Dataset extract -
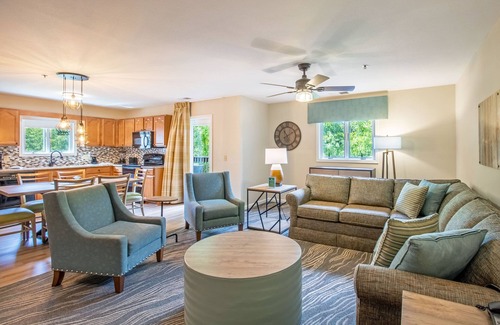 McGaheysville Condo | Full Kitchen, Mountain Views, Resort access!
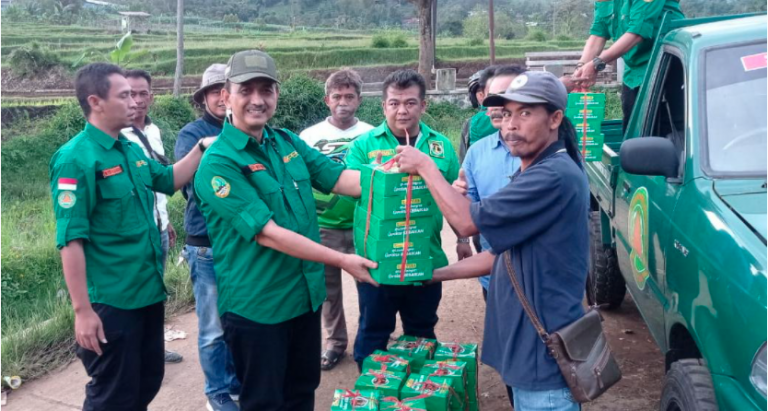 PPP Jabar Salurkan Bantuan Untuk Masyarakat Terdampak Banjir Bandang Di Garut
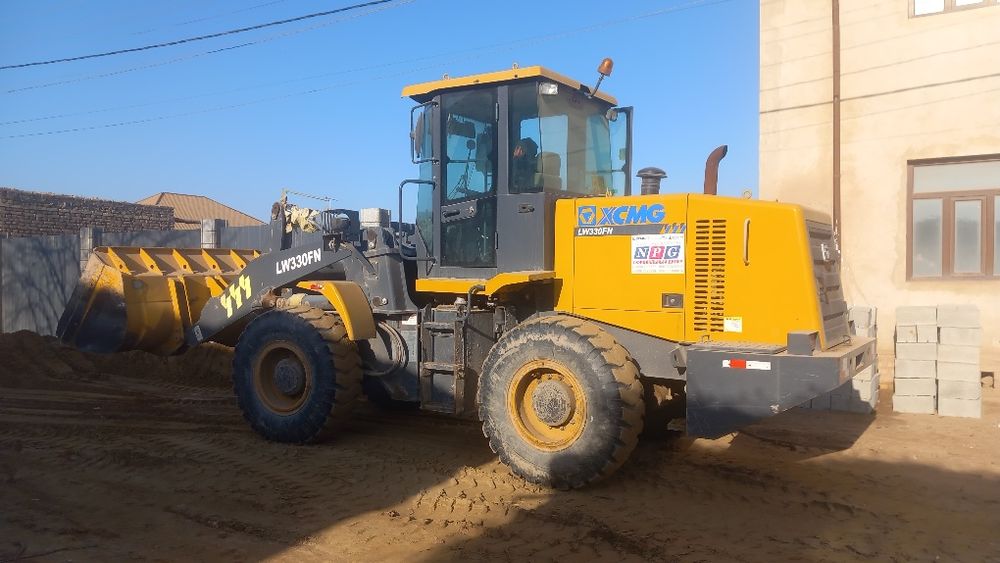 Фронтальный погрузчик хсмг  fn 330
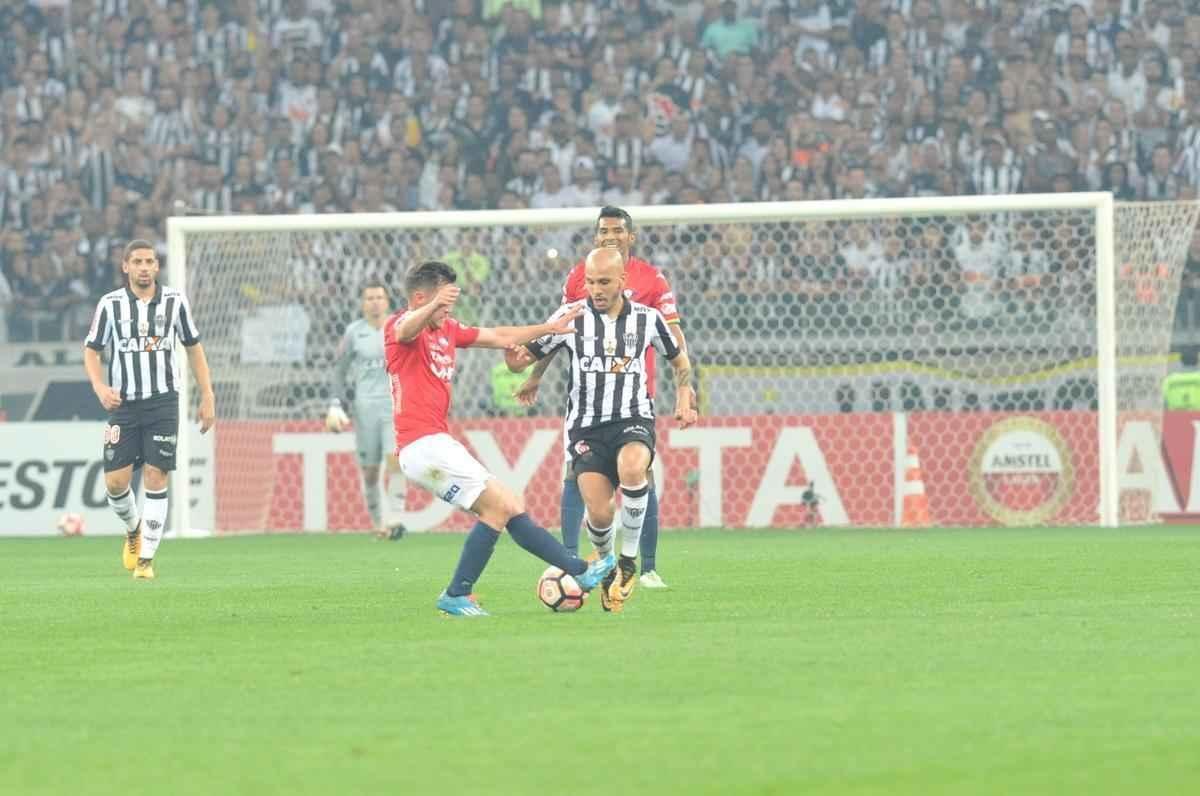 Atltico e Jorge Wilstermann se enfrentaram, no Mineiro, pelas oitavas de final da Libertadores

Aim of the exercise - The answer must consist solely of the lines from the one with "Фронтальный погрузчик хсмг" through the final line of the data, each reproduced exactly and with pictures omitted.

Task answer -
 Фронтальный погрузчик хсмг  fn 330
 Atltico e Jorge Wilstermann se enfrentaram, no Mineiro, pelas oitavas de final da Libertadores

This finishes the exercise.